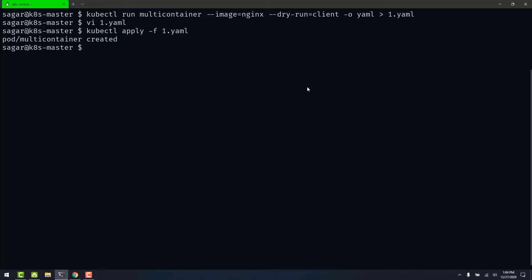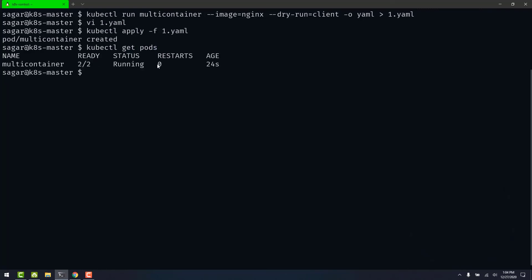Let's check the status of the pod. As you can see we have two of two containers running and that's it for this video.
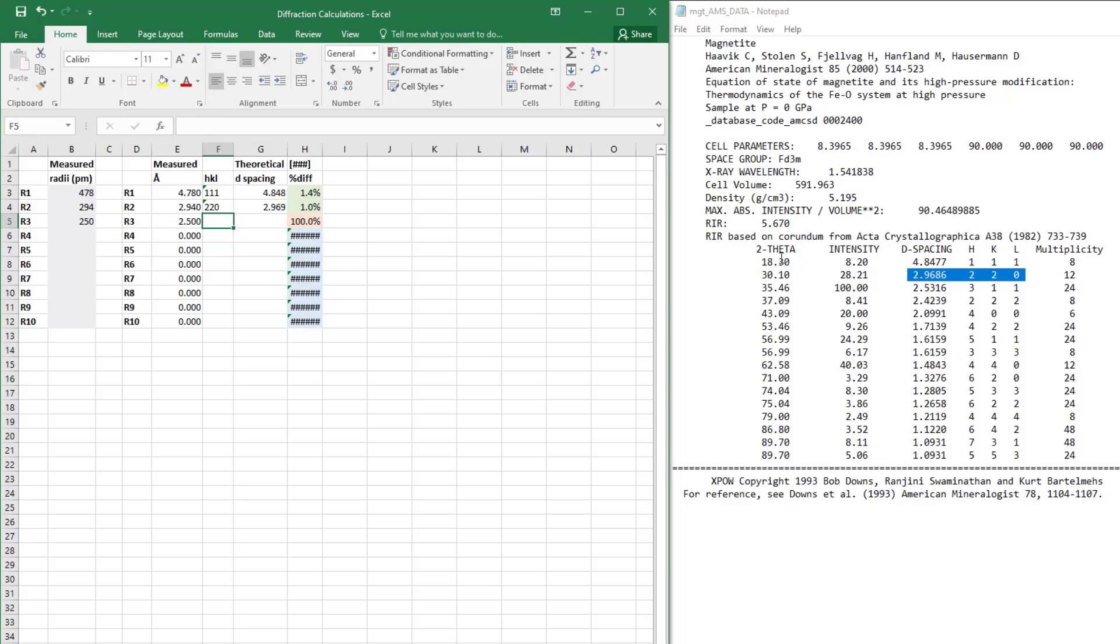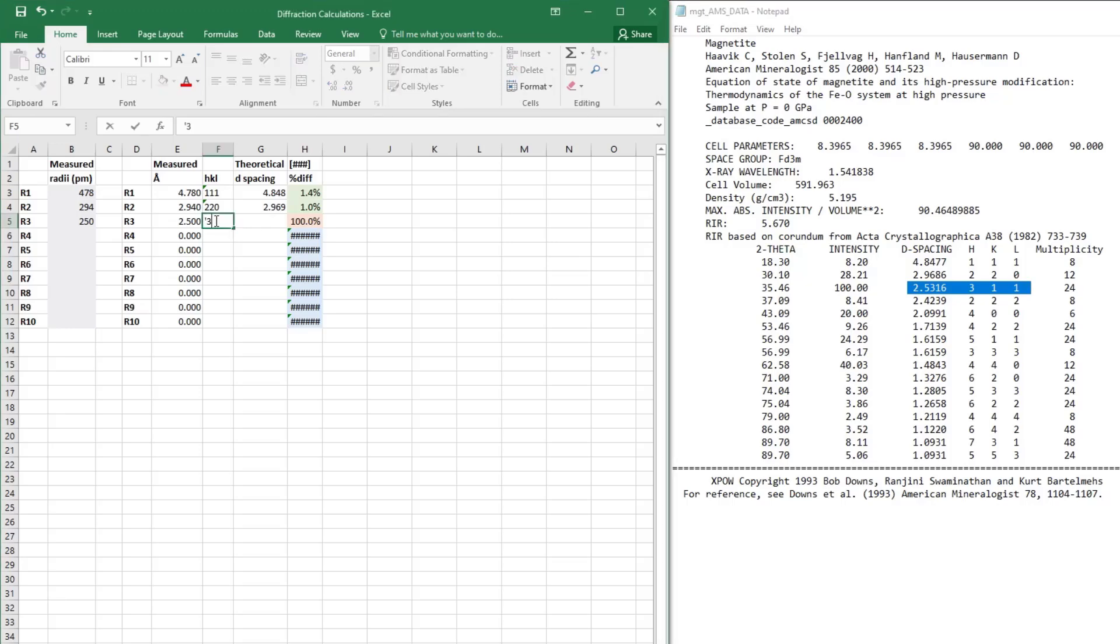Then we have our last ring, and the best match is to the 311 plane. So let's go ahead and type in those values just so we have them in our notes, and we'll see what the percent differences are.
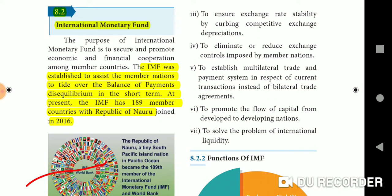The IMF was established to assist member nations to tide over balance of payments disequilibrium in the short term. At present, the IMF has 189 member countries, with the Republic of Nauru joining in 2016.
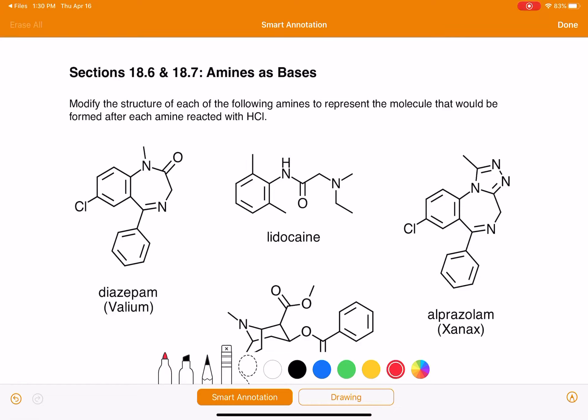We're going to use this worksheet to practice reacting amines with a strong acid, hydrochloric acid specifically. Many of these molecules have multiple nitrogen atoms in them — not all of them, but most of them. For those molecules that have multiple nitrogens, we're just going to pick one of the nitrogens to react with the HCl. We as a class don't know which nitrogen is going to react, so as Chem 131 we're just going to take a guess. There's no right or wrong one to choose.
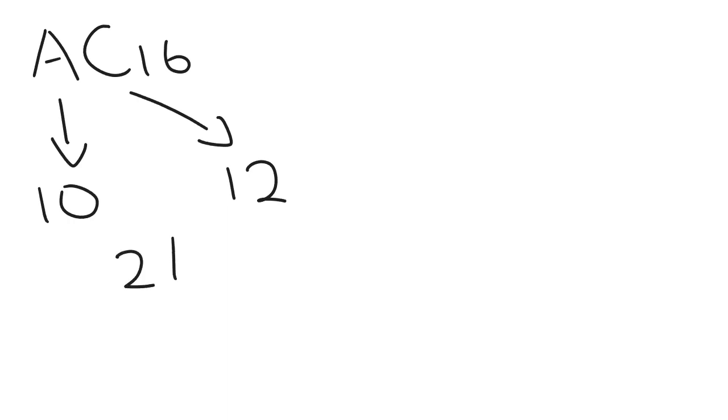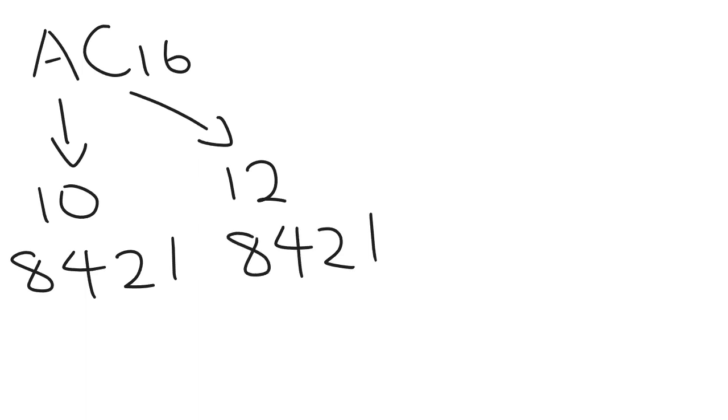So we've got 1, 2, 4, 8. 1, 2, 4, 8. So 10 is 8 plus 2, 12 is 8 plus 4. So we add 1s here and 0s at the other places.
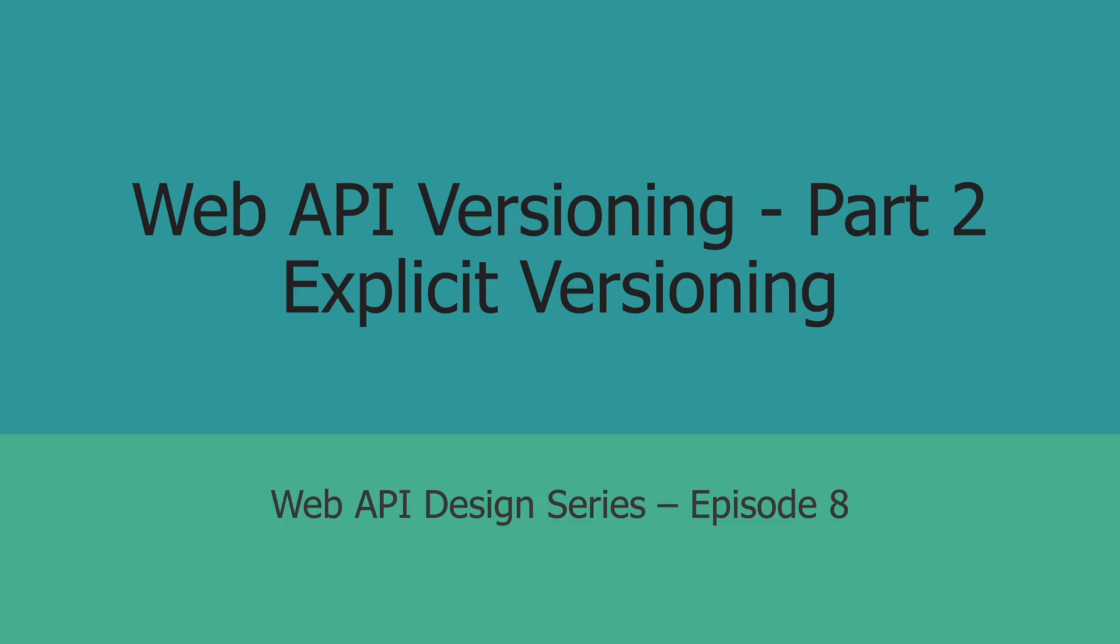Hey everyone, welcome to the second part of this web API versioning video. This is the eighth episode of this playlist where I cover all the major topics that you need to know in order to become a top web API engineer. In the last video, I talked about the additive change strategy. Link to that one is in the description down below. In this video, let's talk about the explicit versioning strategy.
--
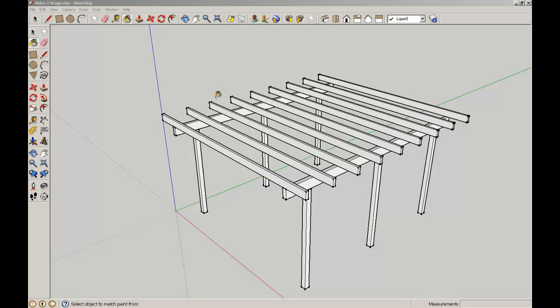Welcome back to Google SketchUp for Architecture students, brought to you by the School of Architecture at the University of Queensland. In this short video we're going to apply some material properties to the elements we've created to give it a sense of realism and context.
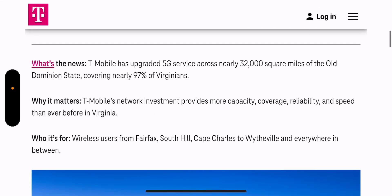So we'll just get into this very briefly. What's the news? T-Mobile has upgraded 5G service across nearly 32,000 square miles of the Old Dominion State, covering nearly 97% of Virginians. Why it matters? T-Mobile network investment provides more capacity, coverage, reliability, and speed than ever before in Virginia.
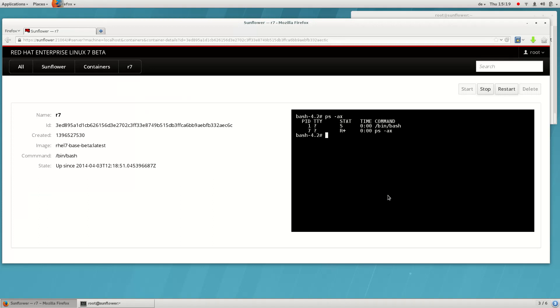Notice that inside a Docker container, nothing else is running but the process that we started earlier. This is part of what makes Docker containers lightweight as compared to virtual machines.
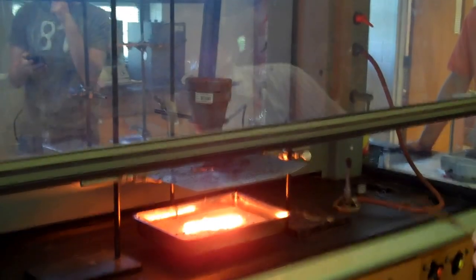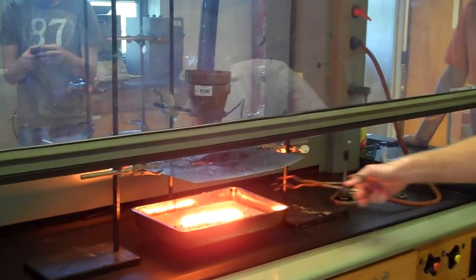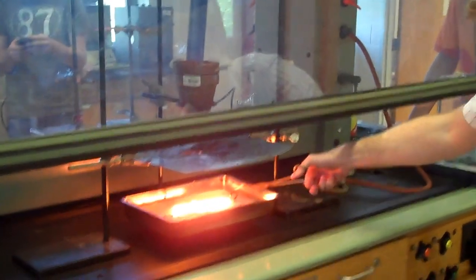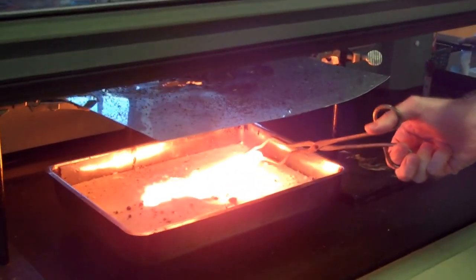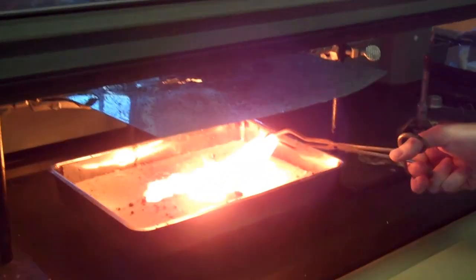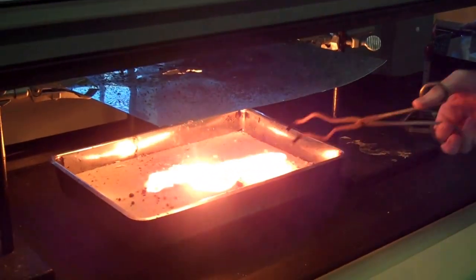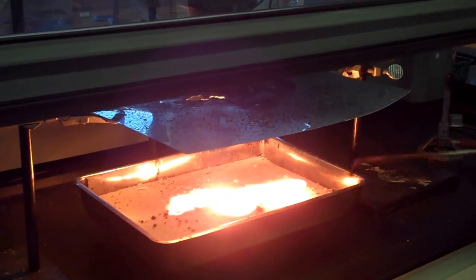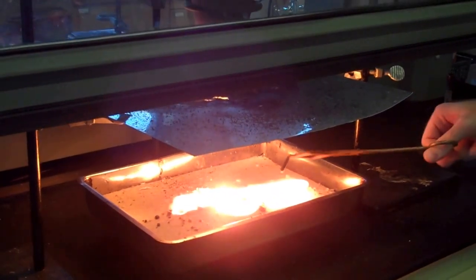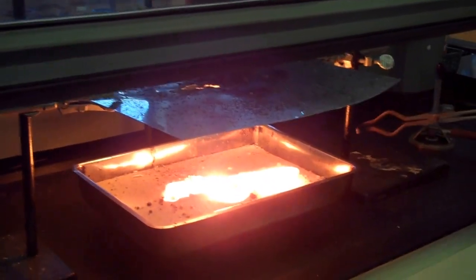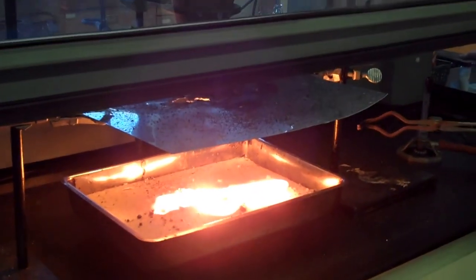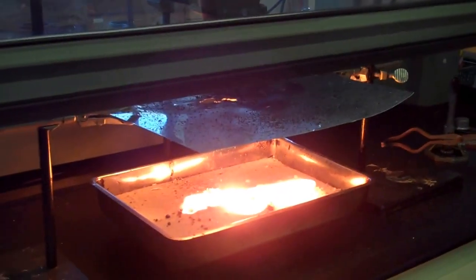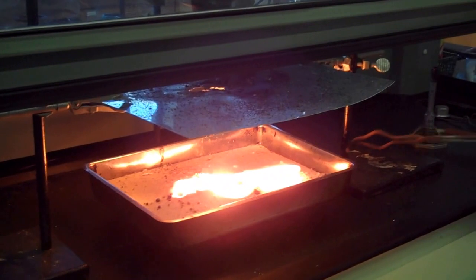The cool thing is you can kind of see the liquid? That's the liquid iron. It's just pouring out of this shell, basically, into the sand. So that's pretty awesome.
==
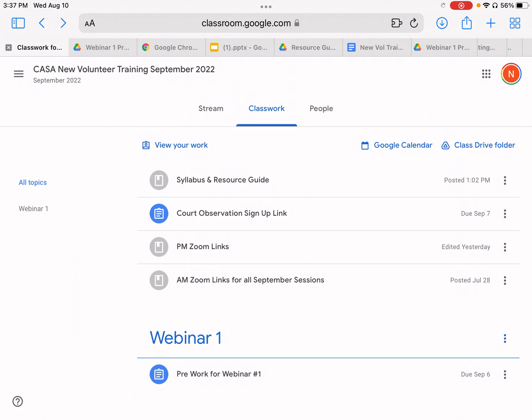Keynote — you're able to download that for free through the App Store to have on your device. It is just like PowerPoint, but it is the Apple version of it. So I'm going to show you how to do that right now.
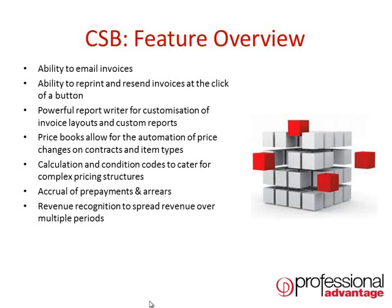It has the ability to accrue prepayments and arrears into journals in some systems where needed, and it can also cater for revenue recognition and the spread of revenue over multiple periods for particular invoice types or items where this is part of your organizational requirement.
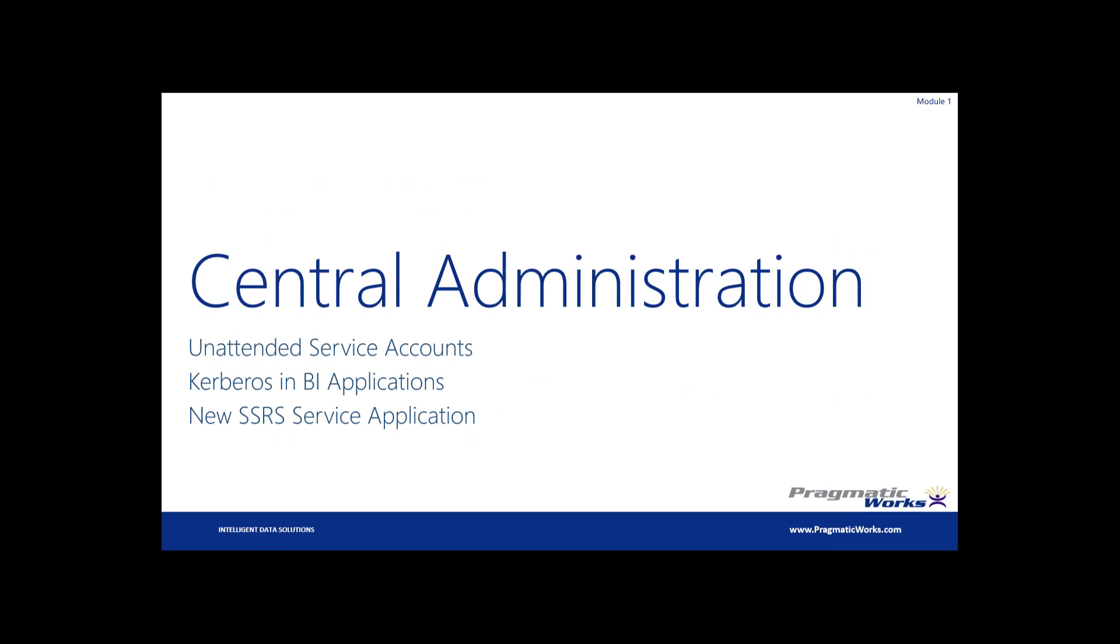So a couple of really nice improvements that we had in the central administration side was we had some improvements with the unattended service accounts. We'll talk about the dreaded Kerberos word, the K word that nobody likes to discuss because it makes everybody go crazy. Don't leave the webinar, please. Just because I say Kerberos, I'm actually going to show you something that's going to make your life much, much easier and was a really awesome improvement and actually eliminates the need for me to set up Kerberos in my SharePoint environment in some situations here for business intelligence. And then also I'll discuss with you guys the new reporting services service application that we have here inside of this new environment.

## Exercise goal
Given the entries above, transcribe exactly the lines from the one holding "Let's check the" through the one holding "The IMF was"; pictures do not belong in the transcription.

## Output for this exercise
Let's check the status of the pod. As you can see we have two of two containers running and that's it for this video.
Then we have our last ring, and the best match is to the 311 plane. So let's go ahead and type in those values just so we have them in our notes, and we'll see what the percent differences are.
The IMF was established to assist member nations to tide over balance of payments disequilibrium in the short term. At present, the IMF has 189 member countries, with the Republic of Nauru joining in 2016.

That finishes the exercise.